(Supplied records Opens)

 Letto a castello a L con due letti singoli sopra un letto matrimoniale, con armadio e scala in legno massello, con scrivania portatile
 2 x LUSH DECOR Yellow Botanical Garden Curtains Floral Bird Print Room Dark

(Supplied records Closes)
(Supplied records Opens)

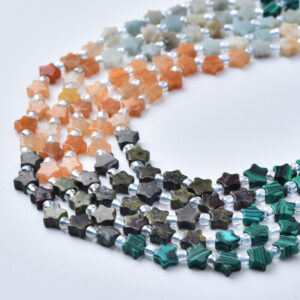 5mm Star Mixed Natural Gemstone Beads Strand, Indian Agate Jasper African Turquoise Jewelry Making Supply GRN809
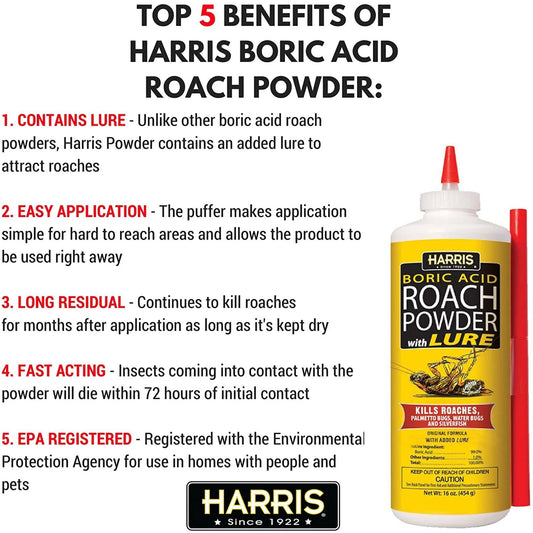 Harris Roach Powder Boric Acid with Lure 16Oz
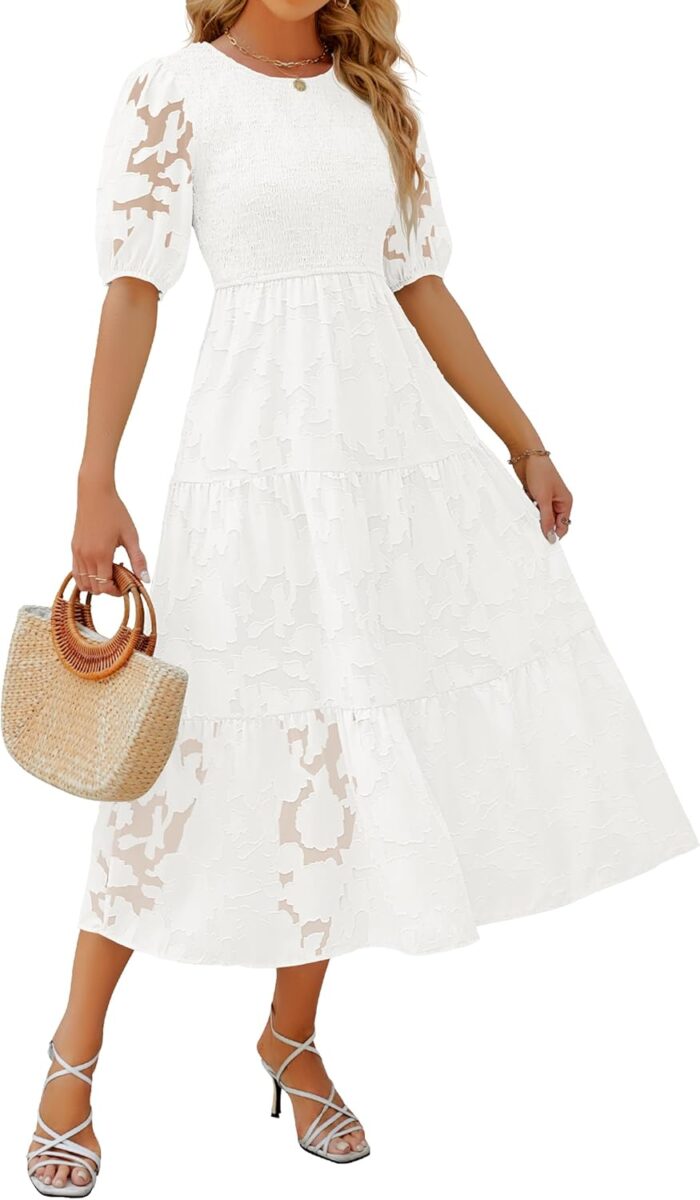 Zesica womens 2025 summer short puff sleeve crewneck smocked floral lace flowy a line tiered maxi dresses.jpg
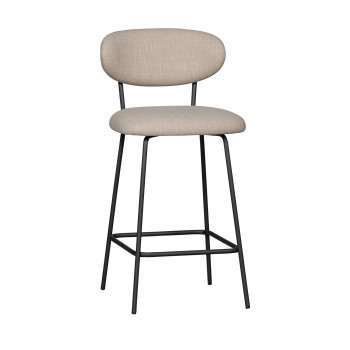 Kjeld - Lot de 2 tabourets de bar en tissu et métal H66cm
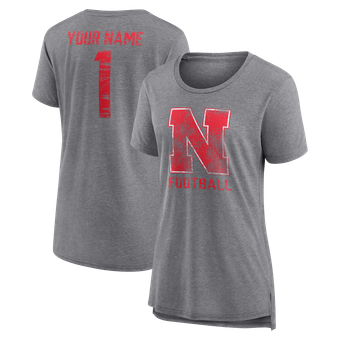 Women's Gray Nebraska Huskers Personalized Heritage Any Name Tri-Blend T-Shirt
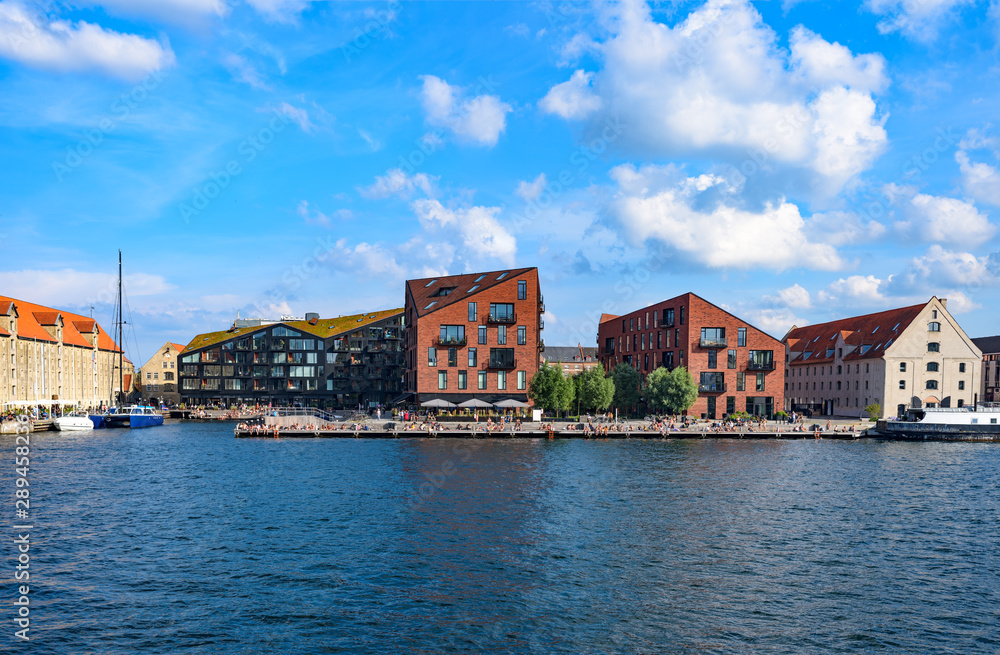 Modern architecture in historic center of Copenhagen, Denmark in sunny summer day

(Supplied records Closes)

What you need to do => Leaving each picture behind, please give again exactly the lines above from the one with "Women's Gray Nebraska" through the one with "Modern architecture in", both included, and no others.

Reply to the task =>
 Women's Gray Nebraska Huskers Personalized Heritage Any Name Tri-Blend T-Shirt
 Modern architecture in historic center of Copenhagen, Denmark in sunny summer day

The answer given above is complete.